----- Task data -----
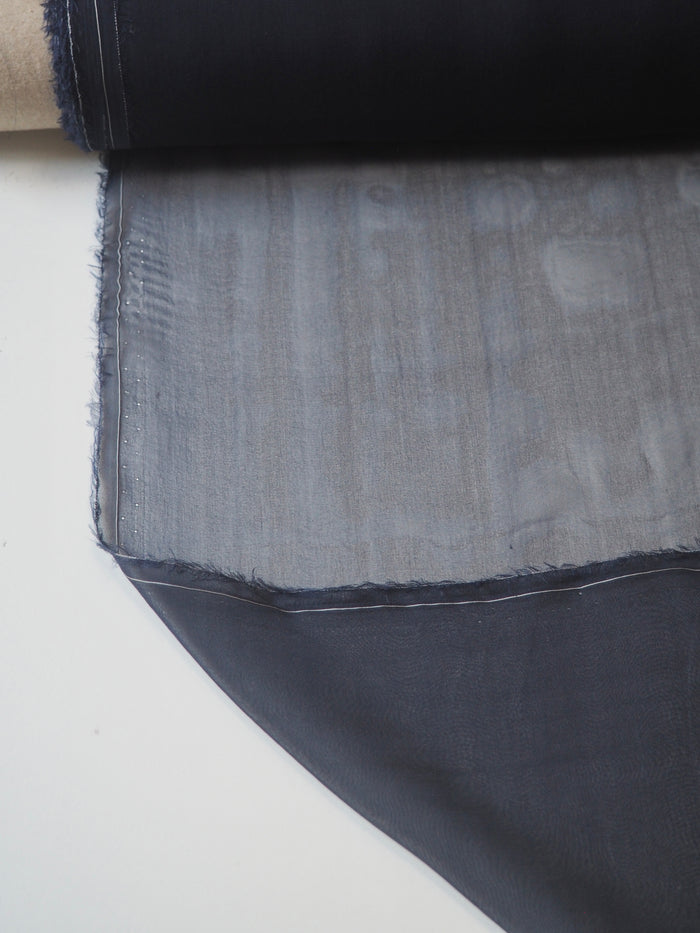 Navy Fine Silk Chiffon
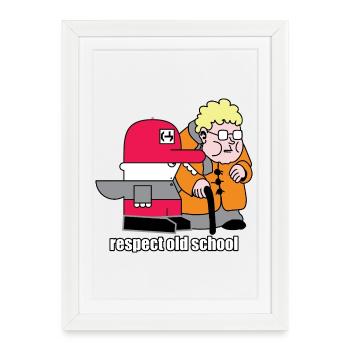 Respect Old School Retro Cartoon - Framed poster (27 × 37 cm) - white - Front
-----
----- Task data -----
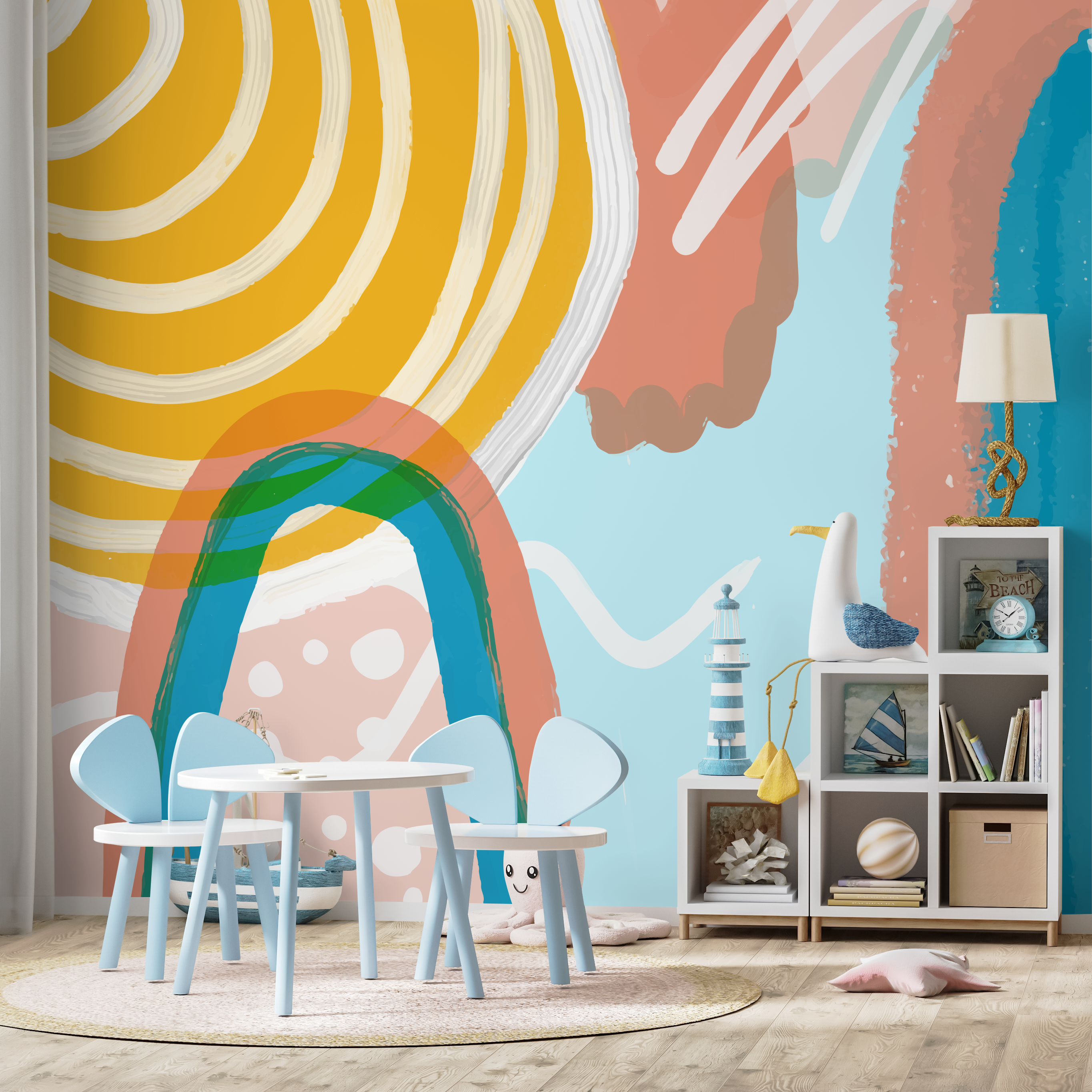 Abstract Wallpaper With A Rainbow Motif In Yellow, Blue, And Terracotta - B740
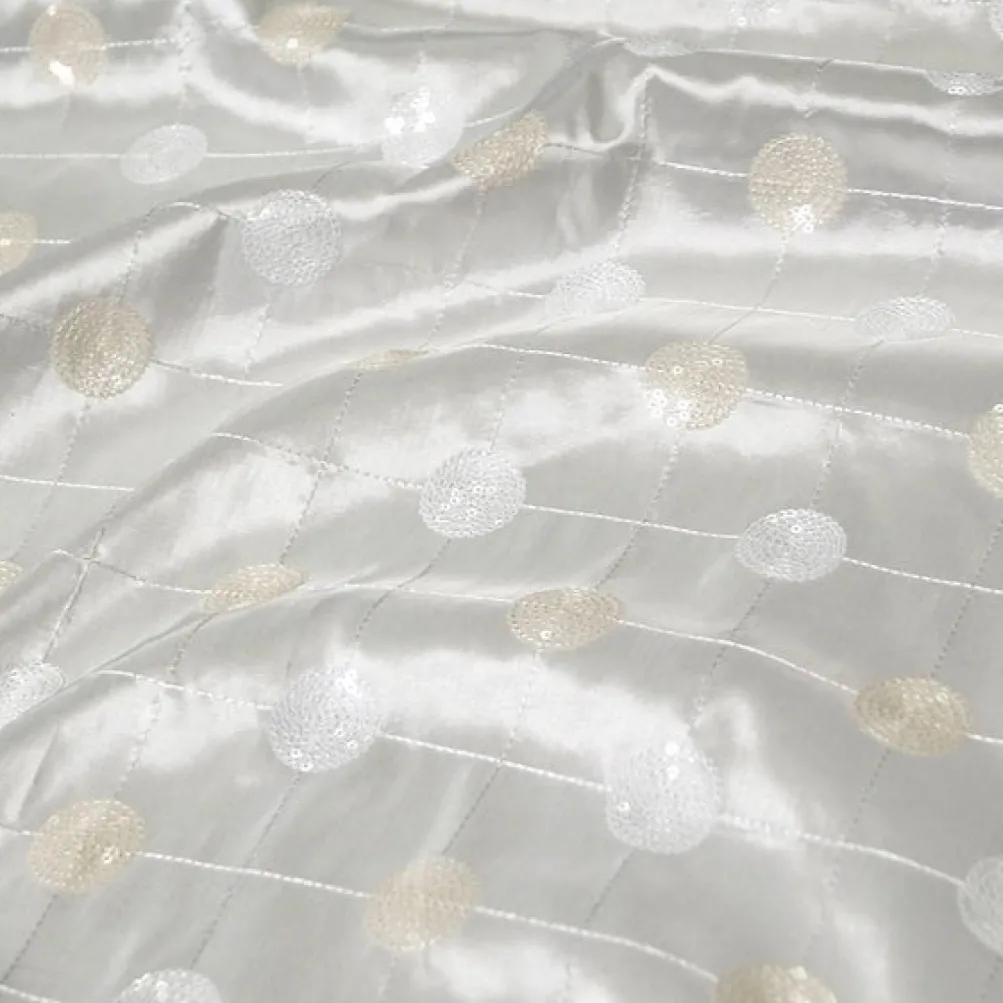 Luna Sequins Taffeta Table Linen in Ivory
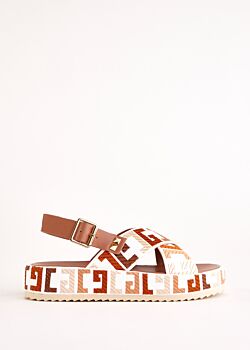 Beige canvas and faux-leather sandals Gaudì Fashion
-----
_Description of the task_
Your output should be the lines above from the one that contains "Navy Fine Silk Chiffon" through the one that contains "Respect Old School", word for word, with pictures left out.

_Written solution_
 Navy Fine Silk Chiffon
 Respect Old School Retro Cartoon - Framed poster (27 × 37 cm) - white - Front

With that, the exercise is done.